Egypt’s Hunger Strikers

In 2011, they stood united against tyranny and for freedom. Today, though divided by politics and locked up in separate prisons, Egypt’s dissenters still fight, this time to survive. At 26, Mohamed Soltan may be dying. After more than 240 days of a hunger strike in which he allows himself only fluids, he recently made his second visit to an intensive care unit in three months.

A graduate of Ohio State University and the son of a leading figure in the Muslim Brotherhood, he was arrested in August 2013 during a crackdown on Brotherhood sympathizers following the ouster of Mohamed Morsi as Egypt’s elected president; the security forces were looking for his father, who wasn’t home, and arrested him instead, eventually charging him with funding a demonstration and spreading “false information” to destabilize Egypt.

For the last four months, Mr. Soltan has been too weak to walk unassisted. Recently, his family says, a police officer told him to make a choice: “End your hunger strike, or stop drinking water so you would die and get it over with.”

Mr. Soltan, a dual American-Egyptian citizen, has now staged the longest hunger strike recorded in Egyptian prisons, but he is not alone. Thousands of suspected political dissenters — not all of them followers of the Muslim Brotherhood — are currently in prison, and scores have gone on hunger strikes to protest inhumane conditions there and the denial of access to justice. Pretrial detention is extended in ludicrous hearings where judges frequently don’t see or speak to the defendants or their lawyers. Their sentences have been based on evidence that includes private home videos, family vacation photos and, in one instance, a music video. They file official complaints detailing abuses, torture and inhumane treatment in prisons, but to no avail. Now, they are willing to starve themselves for as long as it takes for the world to listen.

So far, the response of the law enforcement authorities and justice system has bordered on criminal irresponsibility. It has included denying that hunger strikes take place at all, failing to officially record reports of hunger strikes, making threats, attempting to force-feed striking prisoners or torture them, in hopes of forcing them to end their protest.

Ibrahim al-Yamani, a 26-year-old physician, was suspended in a contorted position and held in solitary confinement for 20 days before he ended an 89-day hunger strike last March, his family told human rights workers. But soon after, he started a new hunger strike, which has now lasted more than 150 days.

“He looks like he just came out of a grave,” his mother, Nafeesa, told human rights interviewers. “He used to be so strong. Now he always holds on to a chair just to be able to move.”

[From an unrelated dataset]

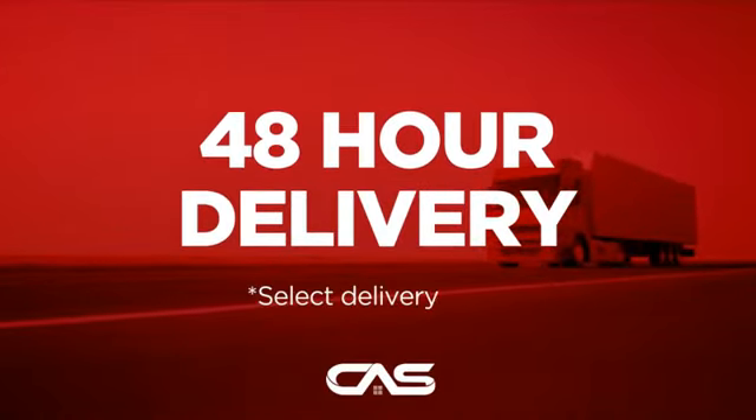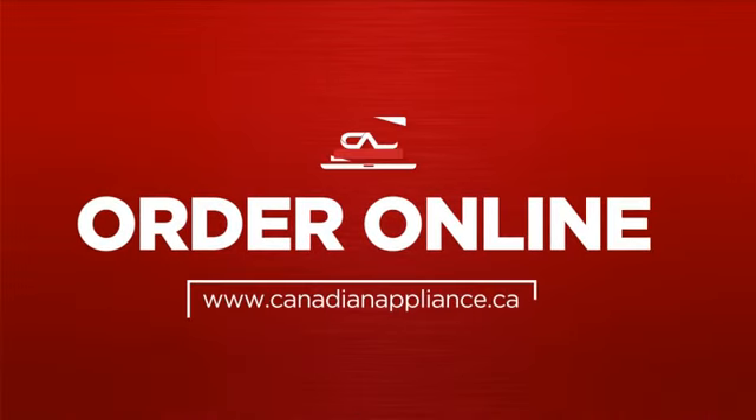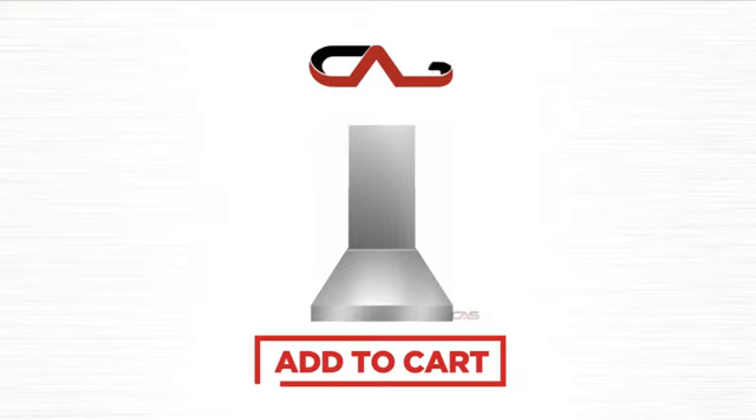Plus, it can be delivered within 48 hours. Order online or get it at one of our showrooms in Canada. So click to order now or check out our hot deals at Canadian Appliance Source.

Mr. Yamani’s mother complains that his strike activity has never been officially acknowledged, and that his lawyer’s repeated reports to prosecutors about torture and the strike were never investigated. Mr. Yamani said he learned from prison officials that when they asked the advice of prosecutors on what to do about his strike, the prosecutors’ response was: “Let us know when he dies.”

Like Mr. Soltan, Mr. Yamani was arrested in August 2013, during the turmoil that followed the ouster by military officials of Mr. Morsi, who had been elected under the Muslim Brotherhood’s banner. But Mr. Soltan’s hunger strike, unlike Mr. Yamani’s, was eventually made public. Last May, after nine months of pretrial detention, he was finally rolled in on a gurney to face a judge and tell his story in a public hearing.

Speaking into a microphone, he said he was tortured so badly that titanium nails, implanted in his elbow and shoulder after an old injury, became dislocated, causing him to bleed enough to need surgery. A fellow inmate performed it in his cell, because authorities had refused to transfer him to a medical facility. Prison officials threatened him with death, he told the judge, according to a leaked video, adding that it “did not seem far-fetched since we watched other prisoners die.” So Mr. Soltan remained in custody and started his long hunger strike last January. The authorities have still not investigated his allegations. Another hearing is scheduled for Oct. 11.

Across Egypt, even as dozens more political prisoners join Mr. Soltan in staging hunger strikes, the government continues to deny their plight and ignore requests by autonomous civil society groups to visit prisons and examine the conditions there. Street demonstrations are virtually banned, further minimizing the ability to air grievances and leading to the arrest of prominent non-Islamist activists, some now on hunger strikes. Meanwhile, security agents have escaped punishment for several mass killings of demonstrators in the last three years. It looks bad, right? But no worse than a small, damp, solitary confinement cell. If Mr. Yamani and Mr. Soltan can find it in themselves to go on with their protests after torture and a year of detention in unimaginable conditions, we have a responsibility to shout out their names, tell their stories and make sure they are known and remembered, in hopes of deterring new oppression. So know their stories, and spread the word. Do it soon, because Mr. Soltan may be dying.

Mayy El Sheikh is the communications director for the Egyptian Initiative for Personal Rights.